A line qualifies if it holds the string "Group". Copy every qualifying line from the records.

━━━ Provided entries ━━━

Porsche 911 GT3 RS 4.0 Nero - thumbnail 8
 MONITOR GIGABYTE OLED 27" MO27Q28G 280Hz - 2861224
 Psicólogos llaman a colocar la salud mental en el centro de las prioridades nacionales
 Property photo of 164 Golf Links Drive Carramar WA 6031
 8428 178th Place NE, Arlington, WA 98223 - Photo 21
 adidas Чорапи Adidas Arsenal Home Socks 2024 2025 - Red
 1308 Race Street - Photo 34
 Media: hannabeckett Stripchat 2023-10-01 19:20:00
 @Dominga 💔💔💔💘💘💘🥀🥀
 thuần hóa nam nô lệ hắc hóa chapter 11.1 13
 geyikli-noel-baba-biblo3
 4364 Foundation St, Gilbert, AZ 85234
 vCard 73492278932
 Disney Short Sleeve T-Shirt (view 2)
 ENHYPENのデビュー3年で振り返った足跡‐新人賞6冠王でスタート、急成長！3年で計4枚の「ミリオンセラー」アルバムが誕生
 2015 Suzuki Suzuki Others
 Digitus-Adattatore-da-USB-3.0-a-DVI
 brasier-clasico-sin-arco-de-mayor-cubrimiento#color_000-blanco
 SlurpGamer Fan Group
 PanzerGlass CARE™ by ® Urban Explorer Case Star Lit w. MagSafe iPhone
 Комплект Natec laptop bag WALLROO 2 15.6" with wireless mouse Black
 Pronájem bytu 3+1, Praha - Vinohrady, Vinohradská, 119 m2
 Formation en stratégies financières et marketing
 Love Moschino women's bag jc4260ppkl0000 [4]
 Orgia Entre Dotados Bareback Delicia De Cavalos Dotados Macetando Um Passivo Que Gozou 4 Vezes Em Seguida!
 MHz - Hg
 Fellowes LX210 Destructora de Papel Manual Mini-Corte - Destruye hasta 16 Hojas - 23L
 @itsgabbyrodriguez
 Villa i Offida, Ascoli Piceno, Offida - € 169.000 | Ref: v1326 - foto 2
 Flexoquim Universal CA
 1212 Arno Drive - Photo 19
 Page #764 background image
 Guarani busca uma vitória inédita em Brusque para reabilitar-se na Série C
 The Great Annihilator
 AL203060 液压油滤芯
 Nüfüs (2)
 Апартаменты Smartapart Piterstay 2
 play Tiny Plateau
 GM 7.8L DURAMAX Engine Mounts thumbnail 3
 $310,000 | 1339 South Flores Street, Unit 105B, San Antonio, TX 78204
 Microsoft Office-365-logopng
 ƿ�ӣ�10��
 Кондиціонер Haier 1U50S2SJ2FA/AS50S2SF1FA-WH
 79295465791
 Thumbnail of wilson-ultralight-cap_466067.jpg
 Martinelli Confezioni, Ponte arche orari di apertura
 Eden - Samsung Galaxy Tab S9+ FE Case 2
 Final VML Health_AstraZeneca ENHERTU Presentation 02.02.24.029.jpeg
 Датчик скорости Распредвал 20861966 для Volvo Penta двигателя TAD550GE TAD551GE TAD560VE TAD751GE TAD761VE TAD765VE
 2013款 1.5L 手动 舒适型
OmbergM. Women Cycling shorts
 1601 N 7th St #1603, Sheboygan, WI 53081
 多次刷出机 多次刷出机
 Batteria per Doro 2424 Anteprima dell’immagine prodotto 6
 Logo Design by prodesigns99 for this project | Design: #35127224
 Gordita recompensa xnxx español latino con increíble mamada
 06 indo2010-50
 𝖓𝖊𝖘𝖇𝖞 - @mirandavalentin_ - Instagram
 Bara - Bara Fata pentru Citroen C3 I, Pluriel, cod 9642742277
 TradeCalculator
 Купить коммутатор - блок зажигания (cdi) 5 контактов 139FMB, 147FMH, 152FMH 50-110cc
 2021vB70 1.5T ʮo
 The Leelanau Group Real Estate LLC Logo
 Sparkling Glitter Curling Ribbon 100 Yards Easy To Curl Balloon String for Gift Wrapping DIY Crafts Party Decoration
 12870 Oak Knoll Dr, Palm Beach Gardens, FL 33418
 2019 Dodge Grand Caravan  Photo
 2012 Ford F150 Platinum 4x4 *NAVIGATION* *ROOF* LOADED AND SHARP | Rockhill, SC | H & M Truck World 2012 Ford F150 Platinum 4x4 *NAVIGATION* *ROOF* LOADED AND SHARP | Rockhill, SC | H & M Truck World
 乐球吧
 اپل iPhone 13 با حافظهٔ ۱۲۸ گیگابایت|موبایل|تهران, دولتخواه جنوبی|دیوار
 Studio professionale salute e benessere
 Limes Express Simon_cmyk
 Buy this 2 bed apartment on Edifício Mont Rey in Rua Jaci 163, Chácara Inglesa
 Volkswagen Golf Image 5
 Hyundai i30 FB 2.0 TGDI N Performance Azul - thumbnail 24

━━━

▶ [Solution for this exercise]:
 SlurpGamer Fan Group
 The Leelanau Group Real Estate LLC Logo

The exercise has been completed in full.